WORK ITEM: Repeat the records below line by line, exactly, finishing on the line that contains "Burga iPhone 12".

DATA IN THIS EXERCISE:

☆ ☆ ☆ ☆ ☆

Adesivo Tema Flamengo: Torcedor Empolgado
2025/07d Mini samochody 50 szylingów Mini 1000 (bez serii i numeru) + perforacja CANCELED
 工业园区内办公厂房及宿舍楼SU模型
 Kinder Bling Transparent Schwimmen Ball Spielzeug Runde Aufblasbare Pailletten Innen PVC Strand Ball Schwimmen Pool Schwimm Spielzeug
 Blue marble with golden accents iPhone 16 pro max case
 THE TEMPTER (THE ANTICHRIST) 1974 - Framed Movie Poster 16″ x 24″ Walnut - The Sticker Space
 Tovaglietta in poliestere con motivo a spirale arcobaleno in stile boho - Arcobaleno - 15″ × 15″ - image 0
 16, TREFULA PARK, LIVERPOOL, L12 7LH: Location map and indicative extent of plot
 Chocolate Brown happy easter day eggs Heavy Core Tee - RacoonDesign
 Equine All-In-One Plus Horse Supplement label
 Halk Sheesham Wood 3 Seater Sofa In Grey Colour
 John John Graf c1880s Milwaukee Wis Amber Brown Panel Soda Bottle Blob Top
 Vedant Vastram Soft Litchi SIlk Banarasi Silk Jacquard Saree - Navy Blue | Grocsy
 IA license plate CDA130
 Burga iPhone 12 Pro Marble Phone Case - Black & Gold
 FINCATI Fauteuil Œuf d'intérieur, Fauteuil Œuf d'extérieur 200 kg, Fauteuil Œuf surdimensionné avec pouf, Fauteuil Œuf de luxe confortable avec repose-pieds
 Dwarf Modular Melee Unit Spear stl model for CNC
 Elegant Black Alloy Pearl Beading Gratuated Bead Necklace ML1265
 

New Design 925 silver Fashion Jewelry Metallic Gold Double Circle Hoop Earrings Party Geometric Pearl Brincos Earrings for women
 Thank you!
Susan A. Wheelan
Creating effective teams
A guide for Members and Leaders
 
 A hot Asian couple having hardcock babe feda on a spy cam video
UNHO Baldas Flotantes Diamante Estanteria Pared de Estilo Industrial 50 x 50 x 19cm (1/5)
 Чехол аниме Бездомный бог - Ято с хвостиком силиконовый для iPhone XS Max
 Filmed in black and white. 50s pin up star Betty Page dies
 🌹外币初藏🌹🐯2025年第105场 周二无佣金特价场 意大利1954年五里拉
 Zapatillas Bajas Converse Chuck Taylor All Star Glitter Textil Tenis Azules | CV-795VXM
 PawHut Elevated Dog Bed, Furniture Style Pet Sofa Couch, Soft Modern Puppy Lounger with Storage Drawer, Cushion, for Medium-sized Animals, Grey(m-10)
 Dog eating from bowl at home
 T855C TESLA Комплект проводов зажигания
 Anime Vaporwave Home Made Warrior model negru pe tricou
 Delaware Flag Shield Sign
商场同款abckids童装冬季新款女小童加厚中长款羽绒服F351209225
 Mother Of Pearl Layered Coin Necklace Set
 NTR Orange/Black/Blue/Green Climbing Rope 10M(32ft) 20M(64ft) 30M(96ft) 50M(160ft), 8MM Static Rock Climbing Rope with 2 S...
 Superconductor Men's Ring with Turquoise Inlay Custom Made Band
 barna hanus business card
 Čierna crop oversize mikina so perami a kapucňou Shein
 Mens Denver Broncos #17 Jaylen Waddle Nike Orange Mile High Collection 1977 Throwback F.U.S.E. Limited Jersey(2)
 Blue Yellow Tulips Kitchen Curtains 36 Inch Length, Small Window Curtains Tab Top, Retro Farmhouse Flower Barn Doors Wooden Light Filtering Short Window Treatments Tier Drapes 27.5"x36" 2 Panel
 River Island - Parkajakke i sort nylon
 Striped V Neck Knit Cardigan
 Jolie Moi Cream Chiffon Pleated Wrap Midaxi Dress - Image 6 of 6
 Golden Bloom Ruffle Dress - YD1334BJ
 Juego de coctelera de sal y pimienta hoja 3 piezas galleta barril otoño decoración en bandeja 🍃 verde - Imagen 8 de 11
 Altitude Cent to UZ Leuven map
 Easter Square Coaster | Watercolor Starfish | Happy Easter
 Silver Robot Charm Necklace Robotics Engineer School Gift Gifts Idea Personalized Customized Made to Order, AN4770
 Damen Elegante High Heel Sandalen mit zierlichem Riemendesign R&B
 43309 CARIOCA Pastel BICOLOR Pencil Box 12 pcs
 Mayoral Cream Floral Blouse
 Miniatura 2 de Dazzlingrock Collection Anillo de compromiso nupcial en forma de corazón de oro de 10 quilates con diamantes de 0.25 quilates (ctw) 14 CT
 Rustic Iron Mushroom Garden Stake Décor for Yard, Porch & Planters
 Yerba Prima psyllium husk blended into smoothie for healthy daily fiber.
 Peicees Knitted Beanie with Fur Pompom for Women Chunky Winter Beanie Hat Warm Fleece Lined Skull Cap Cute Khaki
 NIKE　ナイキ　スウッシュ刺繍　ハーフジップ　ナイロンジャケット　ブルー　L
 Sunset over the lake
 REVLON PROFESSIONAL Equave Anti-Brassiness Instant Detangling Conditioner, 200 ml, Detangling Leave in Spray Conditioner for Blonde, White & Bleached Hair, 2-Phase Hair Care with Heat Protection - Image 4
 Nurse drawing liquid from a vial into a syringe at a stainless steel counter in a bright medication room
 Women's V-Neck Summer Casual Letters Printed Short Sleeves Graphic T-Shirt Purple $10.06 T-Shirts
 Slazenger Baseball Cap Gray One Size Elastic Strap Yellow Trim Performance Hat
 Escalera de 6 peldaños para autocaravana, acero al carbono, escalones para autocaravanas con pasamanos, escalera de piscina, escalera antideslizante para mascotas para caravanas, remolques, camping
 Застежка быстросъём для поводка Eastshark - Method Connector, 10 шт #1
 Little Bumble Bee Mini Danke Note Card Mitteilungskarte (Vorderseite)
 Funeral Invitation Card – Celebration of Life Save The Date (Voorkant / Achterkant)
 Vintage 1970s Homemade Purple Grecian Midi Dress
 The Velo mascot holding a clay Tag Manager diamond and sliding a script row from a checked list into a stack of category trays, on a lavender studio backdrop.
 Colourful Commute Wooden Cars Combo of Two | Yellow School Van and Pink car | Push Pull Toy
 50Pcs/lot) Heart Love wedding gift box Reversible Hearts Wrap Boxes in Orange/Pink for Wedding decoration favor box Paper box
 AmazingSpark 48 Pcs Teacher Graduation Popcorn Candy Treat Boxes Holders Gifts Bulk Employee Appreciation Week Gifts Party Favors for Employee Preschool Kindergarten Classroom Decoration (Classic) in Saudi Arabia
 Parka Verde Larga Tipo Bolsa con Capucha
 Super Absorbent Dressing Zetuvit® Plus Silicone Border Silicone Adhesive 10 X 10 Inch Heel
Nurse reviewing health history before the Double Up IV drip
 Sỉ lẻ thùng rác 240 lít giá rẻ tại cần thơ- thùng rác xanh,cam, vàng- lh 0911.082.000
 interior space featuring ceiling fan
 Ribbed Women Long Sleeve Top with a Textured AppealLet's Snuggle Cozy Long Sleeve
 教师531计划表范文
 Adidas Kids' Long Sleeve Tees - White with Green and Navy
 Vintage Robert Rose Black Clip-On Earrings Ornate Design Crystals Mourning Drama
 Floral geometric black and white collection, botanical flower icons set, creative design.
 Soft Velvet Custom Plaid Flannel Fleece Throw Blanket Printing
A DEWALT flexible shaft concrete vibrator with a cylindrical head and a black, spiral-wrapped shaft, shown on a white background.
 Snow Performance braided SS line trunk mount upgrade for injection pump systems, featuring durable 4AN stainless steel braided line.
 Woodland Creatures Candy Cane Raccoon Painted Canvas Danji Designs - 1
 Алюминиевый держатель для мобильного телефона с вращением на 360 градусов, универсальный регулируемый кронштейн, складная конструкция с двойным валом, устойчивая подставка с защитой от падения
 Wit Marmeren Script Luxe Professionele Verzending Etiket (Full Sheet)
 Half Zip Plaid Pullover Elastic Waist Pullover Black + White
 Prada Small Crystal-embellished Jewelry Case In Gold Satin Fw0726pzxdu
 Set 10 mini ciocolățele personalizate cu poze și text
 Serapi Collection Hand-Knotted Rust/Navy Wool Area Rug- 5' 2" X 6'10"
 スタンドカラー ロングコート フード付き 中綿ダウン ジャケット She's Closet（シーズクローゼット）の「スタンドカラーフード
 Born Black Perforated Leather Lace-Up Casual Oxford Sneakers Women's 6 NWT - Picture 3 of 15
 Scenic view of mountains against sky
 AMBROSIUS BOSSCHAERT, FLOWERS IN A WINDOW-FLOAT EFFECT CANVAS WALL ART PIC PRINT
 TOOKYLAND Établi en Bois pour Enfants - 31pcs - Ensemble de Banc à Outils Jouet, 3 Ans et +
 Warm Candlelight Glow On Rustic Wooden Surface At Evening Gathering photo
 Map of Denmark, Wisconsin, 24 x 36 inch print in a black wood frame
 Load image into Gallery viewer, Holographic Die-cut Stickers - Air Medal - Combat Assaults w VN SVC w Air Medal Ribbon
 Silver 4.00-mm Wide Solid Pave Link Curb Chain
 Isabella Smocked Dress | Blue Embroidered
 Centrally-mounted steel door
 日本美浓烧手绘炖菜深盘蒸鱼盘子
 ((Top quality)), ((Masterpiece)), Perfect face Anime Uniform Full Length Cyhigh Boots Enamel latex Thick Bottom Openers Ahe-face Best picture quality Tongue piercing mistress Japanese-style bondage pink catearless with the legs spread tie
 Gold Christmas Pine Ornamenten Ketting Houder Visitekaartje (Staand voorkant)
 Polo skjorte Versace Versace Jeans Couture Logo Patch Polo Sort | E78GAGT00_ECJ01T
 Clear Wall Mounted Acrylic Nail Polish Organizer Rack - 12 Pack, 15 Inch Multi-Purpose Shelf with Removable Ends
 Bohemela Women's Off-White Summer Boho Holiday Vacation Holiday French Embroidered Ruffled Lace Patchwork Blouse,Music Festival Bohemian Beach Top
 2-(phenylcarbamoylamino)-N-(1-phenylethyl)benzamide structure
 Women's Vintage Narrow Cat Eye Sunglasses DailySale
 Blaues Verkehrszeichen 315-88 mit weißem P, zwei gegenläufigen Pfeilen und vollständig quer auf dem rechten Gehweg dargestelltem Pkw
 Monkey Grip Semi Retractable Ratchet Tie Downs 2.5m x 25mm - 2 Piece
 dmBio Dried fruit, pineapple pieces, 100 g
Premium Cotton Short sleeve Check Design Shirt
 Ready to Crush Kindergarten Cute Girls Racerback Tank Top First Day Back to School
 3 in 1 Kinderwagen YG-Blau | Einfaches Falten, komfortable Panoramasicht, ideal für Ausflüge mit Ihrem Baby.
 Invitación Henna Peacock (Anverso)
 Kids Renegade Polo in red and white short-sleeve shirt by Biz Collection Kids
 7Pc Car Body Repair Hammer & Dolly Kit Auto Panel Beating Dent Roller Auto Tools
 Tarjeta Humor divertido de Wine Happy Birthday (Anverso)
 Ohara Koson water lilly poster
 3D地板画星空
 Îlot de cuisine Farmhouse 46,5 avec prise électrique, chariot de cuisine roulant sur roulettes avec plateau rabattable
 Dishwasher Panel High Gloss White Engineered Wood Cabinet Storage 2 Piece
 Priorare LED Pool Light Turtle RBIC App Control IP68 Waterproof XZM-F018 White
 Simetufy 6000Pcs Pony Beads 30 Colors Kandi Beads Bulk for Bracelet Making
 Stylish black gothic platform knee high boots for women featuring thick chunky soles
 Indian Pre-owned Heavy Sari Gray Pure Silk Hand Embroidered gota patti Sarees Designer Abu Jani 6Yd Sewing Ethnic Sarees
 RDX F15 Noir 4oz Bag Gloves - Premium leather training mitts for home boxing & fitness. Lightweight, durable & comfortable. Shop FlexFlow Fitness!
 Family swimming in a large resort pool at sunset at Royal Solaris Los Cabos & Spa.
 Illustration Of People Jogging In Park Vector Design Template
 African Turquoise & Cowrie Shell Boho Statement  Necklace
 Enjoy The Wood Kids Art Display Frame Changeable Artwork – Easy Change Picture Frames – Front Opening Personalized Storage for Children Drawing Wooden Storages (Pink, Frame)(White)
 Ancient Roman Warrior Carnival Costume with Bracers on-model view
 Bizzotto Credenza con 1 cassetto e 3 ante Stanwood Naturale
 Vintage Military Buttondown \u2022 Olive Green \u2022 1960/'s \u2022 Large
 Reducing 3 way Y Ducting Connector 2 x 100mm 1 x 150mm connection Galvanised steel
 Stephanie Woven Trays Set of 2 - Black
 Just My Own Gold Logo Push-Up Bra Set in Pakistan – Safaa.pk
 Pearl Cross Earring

☆ ☆ ☆ ☆ ☆

ANSWER FOR THIS EXERCISE:
Adesivo Tema Flamengo: Torcedor Empolgado
2025/07d Mini samochody 50 szylingów Mini 1000 (bez serii i numeru) + perforacja CANCELED
 工业园区内办公厂房及宿舍楼SU模型
 Kinder Bling Transparent Schwimmen Ball Spielzeug Runde Aufblasbare Pailletten Innen PVC Strand Ball Schwimmen Pool Schwimm Spielzeug
 Blue marble with golden accents iPhone 16 pro max case
 THE TEMPTER (THE ANTICHRIST) 1974 - Framed Movie Poster 16″ x 24″ Walnut - The Sticker Space
 Tovaglietta in poliestere con motivo a spirale arcobaleno in stile boho - Arcobaleno - 15″ × 15″ - image 0
 16, TREFULA PARK, LIVERPOOL, L12 7LH: Location map and indicative extent of plot
 Chocolate Brown happy easter day eggs Heavy Core Tee - RacoonDesign
 Equine All-In-One Plus Horse Supplement label
 Halk Sheesham Wood 3 Seater Sofa In Grey Colour
 John John Graf c1880s Milwaukee Wis Amber Brown Panel Soda Bottle Blob Top
 Vedant Vastram Soft Litchi SIlk Banarasi Silk Jacquard Saree - Navy Blue | Grocsy
 IA license plate CDA130
 Burga iPhone 12 Pro Marble Phone Case - Black & Gold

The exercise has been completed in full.